Apriori-and-its-improvements
Implemented applied Apriori algorithm and its improvements (PCY, multihash) in Python
Problems
Problem 1: PCY Algorithm
Implement PCY algorithm using a single hash and print all frequent itemsets. You can use a hashing function of your choice.
Input Parameters:
- Input.txt: This is the input file containing all transactions. Each line corresponds to a transaction. Each transaction has items that are comma separated. Use input.txt to test this algorithm.
- Support: Integer that defines the minimum count to qualify as a frequent itemset.
- Bucket size: This is the size of the hash table.
Output:
The output needs to contain the frequent itemsets of all sizes sorted lexicographically. It should also contain the hash buckets with their count of candidates. If the result just contains itemsets of size1 just print them and return. If it contains itemsets of size >= 2 print the bucket counts of the hash as well. For example consider the output below.
[‘a’, ‘b’, ‘d’] {0:0, 1:2, 3:5} [[‘a’, ‘b’]]
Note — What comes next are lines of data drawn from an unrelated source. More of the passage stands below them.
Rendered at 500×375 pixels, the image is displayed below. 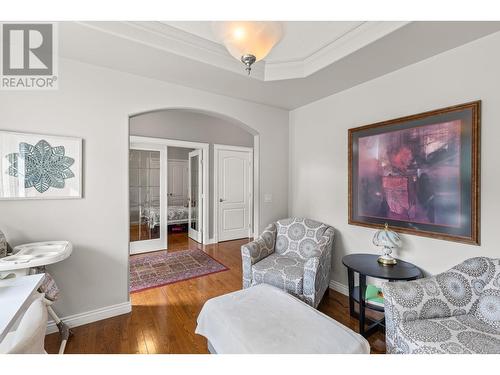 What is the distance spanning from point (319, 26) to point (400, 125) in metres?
1.16

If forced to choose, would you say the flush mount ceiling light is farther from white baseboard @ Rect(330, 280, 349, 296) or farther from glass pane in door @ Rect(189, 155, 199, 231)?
glass pane in door @ Rect(189, 155, 199, 231)

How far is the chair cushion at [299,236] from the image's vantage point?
265 cm

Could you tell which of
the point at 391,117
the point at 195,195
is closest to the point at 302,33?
the point at 391,117

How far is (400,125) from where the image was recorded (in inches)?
85.4

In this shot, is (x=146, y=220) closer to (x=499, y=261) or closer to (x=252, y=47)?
(x=252, y=47)

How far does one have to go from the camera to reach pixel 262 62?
7.64ft

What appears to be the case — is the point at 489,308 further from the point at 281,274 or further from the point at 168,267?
the point at 168,267

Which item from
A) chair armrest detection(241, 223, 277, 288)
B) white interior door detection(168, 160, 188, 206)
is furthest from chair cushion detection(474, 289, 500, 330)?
white interior door detection(168, 160, 188, 206)

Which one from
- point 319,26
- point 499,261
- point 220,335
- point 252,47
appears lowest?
point 220,335

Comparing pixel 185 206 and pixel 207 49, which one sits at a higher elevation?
pixel 207 49

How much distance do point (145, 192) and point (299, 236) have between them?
297 cm

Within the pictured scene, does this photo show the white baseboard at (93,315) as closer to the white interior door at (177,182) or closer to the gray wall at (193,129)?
the gray wall at (193,129)

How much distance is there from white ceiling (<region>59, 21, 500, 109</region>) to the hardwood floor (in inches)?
94.3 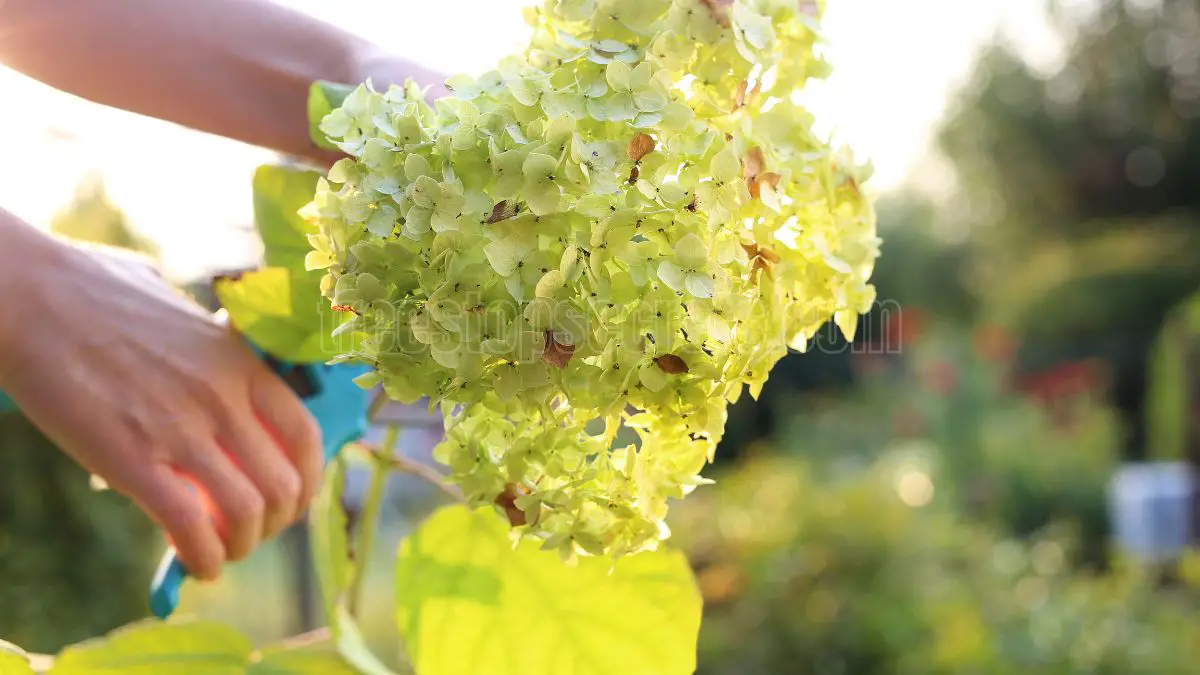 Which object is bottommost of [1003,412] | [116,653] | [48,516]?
[1003,412]

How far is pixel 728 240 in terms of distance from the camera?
33cm

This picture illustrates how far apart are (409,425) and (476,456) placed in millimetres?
210

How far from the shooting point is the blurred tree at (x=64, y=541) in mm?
1630

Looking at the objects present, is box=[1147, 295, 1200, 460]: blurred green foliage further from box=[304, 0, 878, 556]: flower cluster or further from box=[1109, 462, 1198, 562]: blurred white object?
box=[304, 0, 878, 556]: flower cluster

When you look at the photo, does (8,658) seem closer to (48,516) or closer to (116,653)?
(116,653)

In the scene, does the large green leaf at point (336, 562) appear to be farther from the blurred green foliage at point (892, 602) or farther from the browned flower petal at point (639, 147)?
the blurred green foliage at point (892, 602)

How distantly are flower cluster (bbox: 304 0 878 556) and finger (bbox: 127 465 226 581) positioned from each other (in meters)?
0.13

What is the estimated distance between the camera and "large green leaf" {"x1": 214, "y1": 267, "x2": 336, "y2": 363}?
0.41m

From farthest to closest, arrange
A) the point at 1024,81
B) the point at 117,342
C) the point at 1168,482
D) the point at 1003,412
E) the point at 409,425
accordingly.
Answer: the point at 1024,81 → the point at 1003,412 → the point at 1168,482 → the point at 409,425 → the point at 117,342

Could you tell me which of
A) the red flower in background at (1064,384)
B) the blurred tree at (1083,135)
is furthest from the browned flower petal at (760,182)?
the blurred tree at (1083,135)

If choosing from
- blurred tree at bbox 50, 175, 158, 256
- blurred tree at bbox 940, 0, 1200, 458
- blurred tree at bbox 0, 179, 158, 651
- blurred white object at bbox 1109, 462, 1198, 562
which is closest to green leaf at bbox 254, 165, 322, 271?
blurred tree at bbox 0, 179, 158, 651

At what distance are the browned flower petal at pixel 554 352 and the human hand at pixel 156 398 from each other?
0.19 m

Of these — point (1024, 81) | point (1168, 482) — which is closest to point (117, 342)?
point (1168, 482)

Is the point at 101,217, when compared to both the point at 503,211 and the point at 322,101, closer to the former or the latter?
the point at 322,101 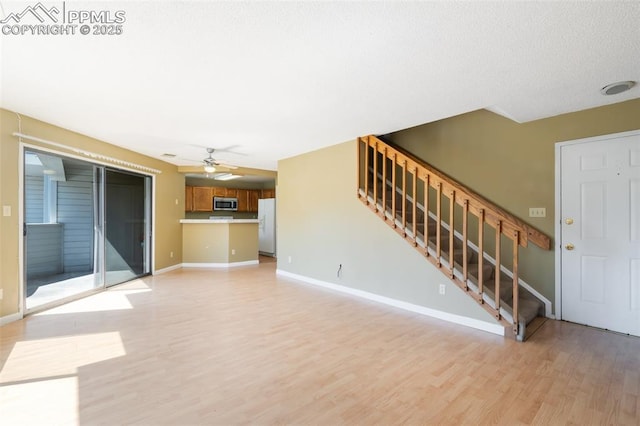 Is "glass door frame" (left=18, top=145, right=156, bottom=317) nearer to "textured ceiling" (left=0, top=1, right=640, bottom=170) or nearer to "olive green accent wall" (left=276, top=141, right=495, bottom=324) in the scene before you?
"textured ceiling" (left=0, top=1, right=640, bottom=170)

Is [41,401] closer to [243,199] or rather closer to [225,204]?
[225,204]

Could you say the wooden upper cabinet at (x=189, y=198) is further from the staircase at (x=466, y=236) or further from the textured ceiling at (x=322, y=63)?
the staircase at (x=466, y=236)

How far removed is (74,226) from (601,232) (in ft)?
22.5

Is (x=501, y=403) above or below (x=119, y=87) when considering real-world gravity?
below

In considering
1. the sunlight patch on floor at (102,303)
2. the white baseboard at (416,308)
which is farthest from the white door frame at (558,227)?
the sunlight patch on floor at (102,303)

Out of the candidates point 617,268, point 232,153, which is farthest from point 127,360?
point 617,268

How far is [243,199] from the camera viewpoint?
8.89 metres

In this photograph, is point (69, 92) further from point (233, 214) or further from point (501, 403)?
point (233, 214)

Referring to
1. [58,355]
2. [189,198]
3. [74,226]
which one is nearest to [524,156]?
[58,355]

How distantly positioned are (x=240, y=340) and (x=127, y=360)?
35.4 inches

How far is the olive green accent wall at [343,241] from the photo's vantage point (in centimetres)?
353

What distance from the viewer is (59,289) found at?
4.09 m

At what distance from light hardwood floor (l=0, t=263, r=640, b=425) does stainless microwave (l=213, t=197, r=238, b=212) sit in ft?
16.2

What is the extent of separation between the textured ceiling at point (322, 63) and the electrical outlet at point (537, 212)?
1.07 m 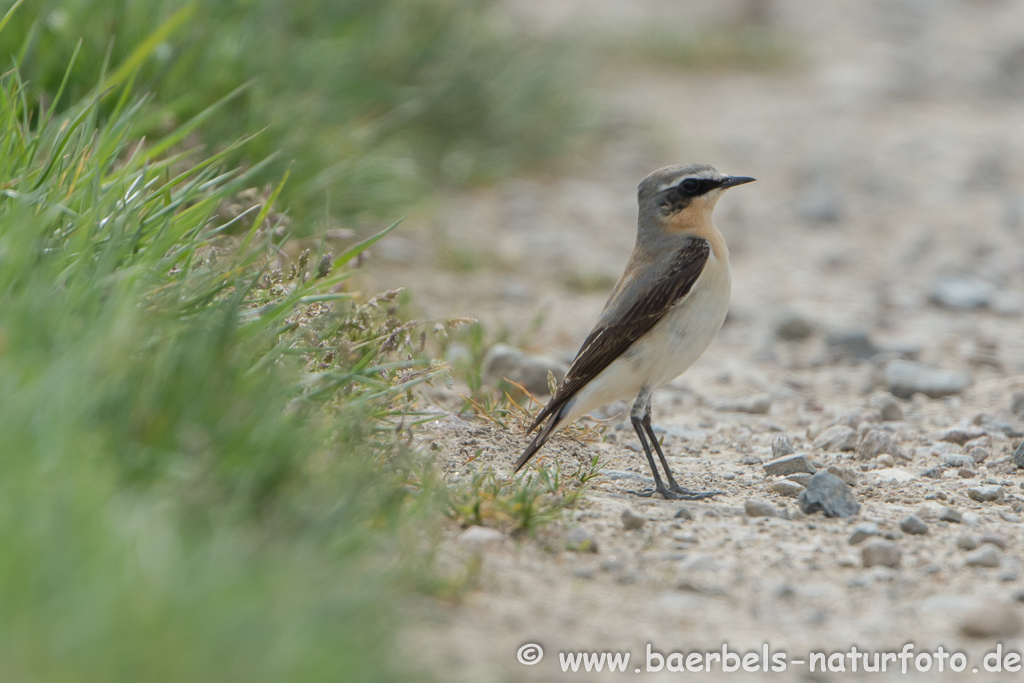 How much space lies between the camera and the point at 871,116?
12.7m

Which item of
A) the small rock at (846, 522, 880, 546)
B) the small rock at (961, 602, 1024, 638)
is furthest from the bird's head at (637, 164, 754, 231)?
the small rock at (961, 602, 1024, 638)

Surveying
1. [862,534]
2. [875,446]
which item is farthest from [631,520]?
[875,446]

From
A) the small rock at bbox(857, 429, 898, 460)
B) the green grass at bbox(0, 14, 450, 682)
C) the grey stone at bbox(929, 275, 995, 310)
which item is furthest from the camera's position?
the grey stone at bbox(929, 275, 995, 310)

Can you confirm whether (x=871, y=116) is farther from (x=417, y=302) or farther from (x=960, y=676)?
(x=960, y=676)

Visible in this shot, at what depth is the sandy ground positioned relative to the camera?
11.0 feet

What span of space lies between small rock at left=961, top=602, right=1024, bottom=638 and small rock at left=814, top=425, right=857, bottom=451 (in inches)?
76.2

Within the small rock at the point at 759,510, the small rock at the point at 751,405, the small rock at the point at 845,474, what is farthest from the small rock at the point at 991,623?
the small rock at the point at 751,405

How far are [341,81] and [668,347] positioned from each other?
14.5 feet

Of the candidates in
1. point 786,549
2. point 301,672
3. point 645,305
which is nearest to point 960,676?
point 786,549

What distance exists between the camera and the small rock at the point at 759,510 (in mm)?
4230

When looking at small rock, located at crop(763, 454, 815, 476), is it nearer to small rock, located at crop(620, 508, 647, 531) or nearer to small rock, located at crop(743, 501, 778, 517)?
small rock, located at crop(743, 501, 778, 517)

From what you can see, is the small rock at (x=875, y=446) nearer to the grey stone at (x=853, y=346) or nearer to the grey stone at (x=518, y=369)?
the grey stone at (x=518, y=369)

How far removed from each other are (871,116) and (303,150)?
816cm

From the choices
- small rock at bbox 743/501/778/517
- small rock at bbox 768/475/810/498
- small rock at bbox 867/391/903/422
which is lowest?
small rock at bbox 867/391/903/422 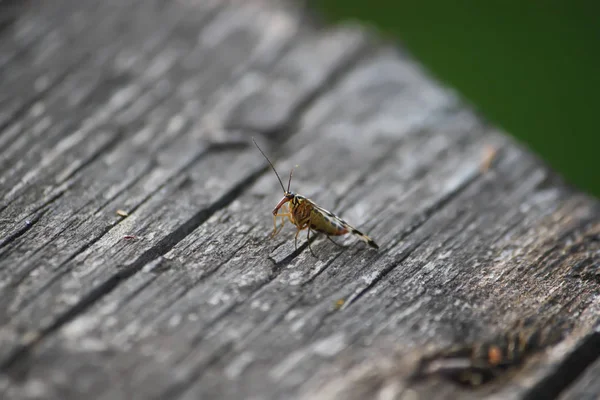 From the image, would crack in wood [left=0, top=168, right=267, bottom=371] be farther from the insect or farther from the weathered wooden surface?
the insect

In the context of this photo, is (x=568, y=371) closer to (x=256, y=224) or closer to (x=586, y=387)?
(x=586, y=387)

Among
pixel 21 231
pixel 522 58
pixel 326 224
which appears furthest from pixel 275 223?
pixel 522 58

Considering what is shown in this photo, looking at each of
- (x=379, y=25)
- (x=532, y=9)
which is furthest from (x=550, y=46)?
(x=379, y=25)

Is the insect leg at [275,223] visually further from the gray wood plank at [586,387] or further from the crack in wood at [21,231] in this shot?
the gray wood plank at [586,387]

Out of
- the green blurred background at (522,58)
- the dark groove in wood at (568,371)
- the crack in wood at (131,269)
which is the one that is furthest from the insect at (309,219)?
the green blurred background at (522,58)

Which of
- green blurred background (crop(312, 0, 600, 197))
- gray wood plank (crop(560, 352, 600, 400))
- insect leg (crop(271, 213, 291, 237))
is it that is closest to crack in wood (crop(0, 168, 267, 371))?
insect leg (crop(271, 213, 291, 237)) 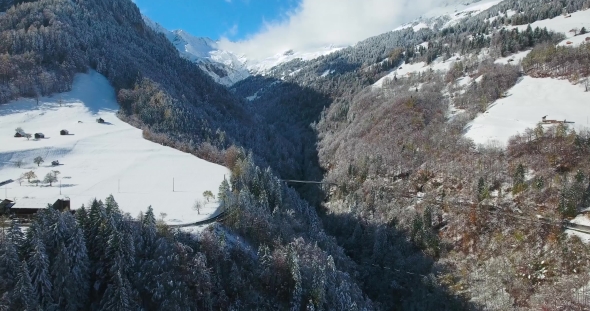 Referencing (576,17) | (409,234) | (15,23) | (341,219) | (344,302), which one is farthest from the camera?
(576,17)

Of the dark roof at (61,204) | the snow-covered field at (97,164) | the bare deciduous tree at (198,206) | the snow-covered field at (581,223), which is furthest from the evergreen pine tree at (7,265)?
the snow-covered field at (581,223)

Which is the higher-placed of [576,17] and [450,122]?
[576,17]

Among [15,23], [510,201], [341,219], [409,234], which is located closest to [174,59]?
[15,23]

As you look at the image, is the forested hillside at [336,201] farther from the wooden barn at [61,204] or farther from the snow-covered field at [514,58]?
the wooden barn at [61,204]

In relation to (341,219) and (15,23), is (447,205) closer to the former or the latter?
(341,219)

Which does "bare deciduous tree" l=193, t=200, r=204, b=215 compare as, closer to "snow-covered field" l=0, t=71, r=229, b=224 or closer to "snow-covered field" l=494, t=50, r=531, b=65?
"snow-covered field" l=0, t=71, r=229, b=224

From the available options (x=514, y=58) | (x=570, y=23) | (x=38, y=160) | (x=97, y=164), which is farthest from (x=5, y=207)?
(x=570, y=23)

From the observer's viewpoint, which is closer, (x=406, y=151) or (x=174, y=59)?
(x=406, y=151) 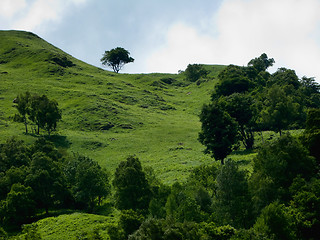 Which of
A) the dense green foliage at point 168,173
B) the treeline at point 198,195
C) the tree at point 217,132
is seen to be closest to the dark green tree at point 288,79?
the dense green foliage at point 168,173

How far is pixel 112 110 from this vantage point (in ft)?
379

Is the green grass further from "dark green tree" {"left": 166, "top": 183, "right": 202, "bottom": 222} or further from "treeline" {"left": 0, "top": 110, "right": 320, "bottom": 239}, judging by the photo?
"dark green tree" {"left": 166, "top": 183, "right": 202, "bottom": 222}

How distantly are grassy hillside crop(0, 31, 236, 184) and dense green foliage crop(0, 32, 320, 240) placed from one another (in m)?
0.68

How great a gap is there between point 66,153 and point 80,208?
79.5 ft

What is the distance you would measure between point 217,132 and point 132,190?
2170cm

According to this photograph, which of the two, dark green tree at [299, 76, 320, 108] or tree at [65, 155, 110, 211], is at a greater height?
dark green tree at [299, 76, 320, 108]

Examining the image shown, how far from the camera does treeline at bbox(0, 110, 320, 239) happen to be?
105 ft

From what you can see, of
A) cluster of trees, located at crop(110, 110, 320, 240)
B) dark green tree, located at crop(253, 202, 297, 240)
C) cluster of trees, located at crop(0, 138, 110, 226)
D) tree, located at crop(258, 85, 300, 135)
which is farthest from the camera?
tree, located at crop(258, 85, 300, 135)

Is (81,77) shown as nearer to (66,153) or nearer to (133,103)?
(133,103)

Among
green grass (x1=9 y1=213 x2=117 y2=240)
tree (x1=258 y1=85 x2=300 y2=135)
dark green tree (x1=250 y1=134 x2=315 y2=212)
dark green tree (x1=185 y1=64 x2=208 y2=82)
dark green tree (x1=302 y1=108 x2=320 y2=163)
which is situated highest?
dark green tree (x1=185 y1=64 x2=208 y2=82)

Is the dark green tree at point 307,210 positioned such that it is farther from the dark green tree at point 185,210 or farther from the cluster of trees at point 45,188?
the cluster of trees at point 45,188

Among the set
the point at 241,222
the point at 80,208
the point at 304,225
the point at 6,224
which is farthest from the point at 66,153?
the point at 304,225

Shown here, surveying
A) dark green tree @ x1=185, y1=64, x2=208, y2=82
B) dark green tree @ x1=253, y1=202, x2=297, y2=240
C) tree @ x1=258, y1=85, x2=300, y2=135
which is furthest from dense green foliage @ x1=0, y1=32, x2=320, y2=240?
dark green tree @ x1=185, y1=64, x2=208, y2=82

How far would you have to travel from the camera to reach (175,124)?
105438 mm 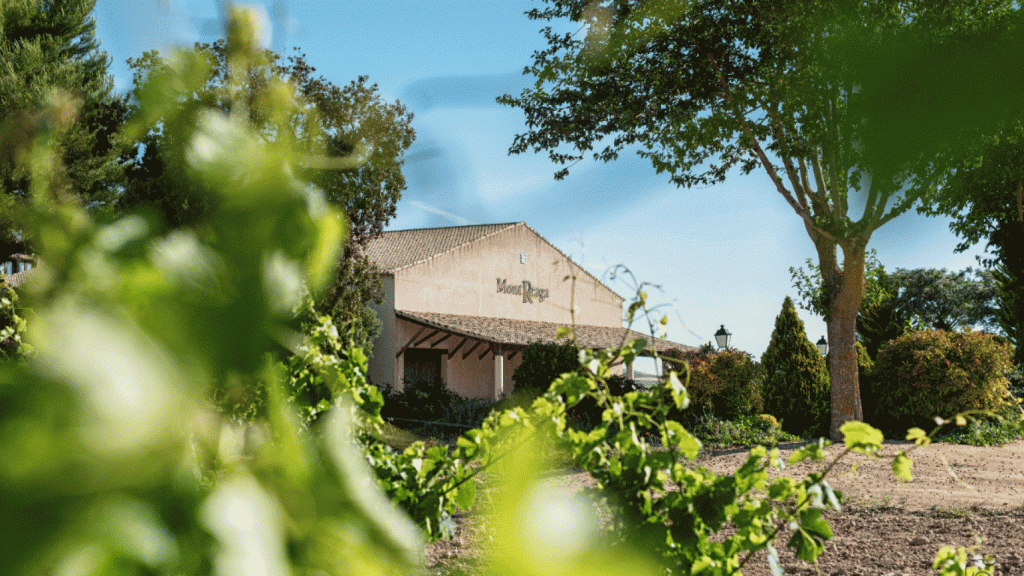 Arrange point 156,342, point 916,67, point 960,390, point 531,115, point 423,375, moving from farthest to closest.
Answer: point 423,375
point 960,390
point 531,115
point 916,67
point 156,342

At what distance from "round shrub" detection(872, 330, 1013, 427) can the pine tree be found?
1163 millimetres

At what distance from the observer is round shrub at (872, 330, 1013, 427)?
11.7 metres

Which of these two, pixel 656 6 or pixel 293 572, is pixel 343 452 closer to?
pixel 293 572

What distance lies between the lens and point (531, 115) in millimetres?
10055

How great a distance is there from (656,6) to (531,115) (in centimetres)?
909

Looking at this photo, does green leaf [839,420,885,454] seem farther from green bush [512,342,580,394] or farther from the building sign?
the building sign

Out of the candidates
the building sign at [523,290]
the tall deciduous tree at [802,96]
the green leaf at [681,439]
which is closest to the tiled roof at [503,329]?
the building sign at [523,290]

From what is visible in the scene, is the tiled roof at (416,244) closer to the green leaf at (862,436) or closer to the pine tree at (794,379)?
the pine tree at (794,379)

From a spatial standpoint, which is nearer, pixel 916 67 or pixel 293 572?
pixel 293 572

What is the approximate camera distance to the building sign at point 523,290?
24.8 metres

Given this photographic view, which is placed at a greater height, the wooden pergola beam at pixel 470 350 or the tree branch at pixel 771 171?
the tree branch at pixel 771 171

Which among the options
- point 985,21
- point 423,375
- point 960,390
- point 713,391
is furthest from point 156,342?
point 423,375

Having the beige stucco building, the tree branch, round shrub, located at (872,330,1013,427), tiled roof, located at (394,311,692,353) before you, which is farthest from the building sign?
the tree branch

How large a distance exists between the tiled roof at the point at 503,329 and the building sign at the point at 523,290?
932mm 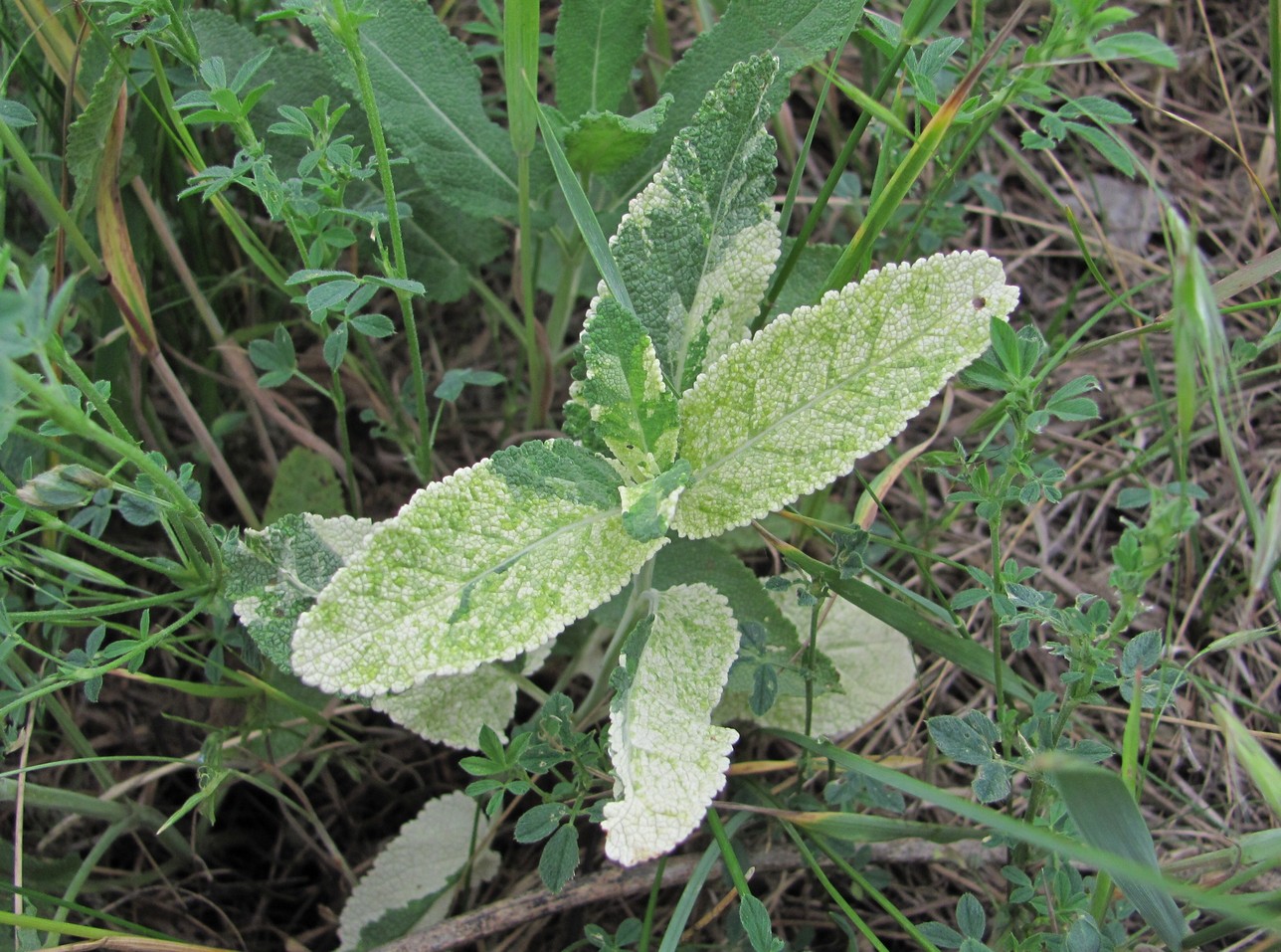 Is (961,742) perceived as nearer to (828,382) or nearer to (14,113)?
(828,382)

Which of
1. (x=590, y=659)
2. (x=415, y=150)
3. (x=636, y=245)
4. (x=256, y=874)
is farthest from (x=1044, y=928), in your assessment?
(x=415, y=150)

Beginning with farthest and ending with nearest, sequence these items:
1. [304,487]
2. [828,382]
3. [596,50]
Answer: [304,487], [596,50], [828,382]

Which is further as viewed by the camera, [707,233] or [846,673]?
[846,673]

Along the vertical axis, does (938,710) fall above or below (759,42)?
below

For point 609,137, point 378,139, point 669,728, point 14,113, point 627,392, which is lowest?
point 669,728

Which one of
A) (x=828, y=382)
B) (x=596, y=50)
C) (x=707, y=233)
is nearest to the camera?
(x=828, y=382)

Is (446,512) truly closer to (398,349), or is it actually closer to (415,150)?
(415,150)

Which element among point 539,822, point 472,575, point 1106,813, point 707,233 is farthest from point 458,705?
point 1106,813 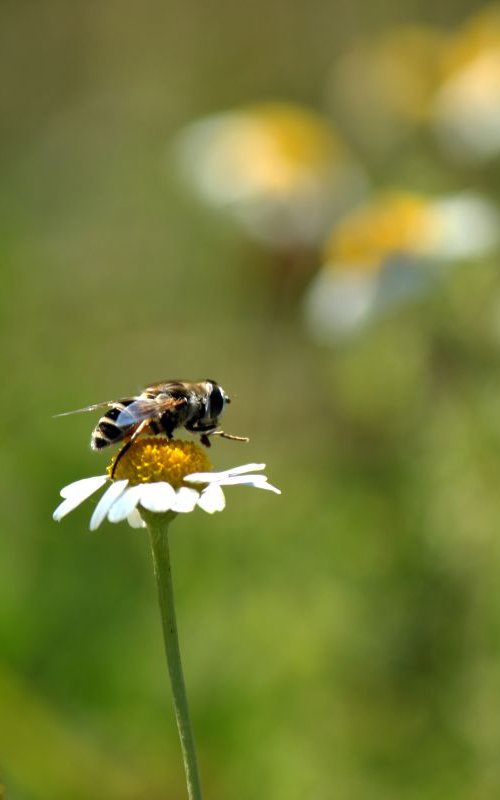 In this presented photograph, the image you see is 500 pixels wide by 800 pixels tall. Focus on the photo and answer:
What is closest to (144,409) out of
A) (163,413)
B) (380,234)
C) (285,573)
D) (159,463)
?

Here [‘a’, ‘b’, ‘d’] represents itemsets of size 1 and {0:0, 1:2, 3:5} represents the hash counts before calculating frequent itemsets of size 2. [[‘a’, ‘b’]] represents itemsets of size 2. Print all bucket counts only for ith frequent itemset where i >= 2. The counts in the buckets can vary depending on the hashing function used. So do not try to match this with the output files provided. File Name: Please name your python script as pcy.py. Executing code: python pooja_anand_pcy.py input.txt 4 8. Where support = 4 and buckets = 8
Problem 2: MultiHash Algorithm
Implement the multihash algorithm to generate frequent itemsets. You need to use 2 independent hashing functions for this. Make sure that all candidates are hashed to both the hashing functions to generate 2 different bit vectors. Both the hashes will have the same number of buckets. Input parameters are same as above. For output follow the same format, but since we have two different hashing functions, print both the hash bucket counts. The counts in the buckets can vary depending on the hashing function used. So do not try to match this with the output files provided
For example: [‘a’, ‘b’, ‘c’] {0:0, 1:2, 3:5} {0:1, 1:4, 3:2} [[‘a’, ‘b’]]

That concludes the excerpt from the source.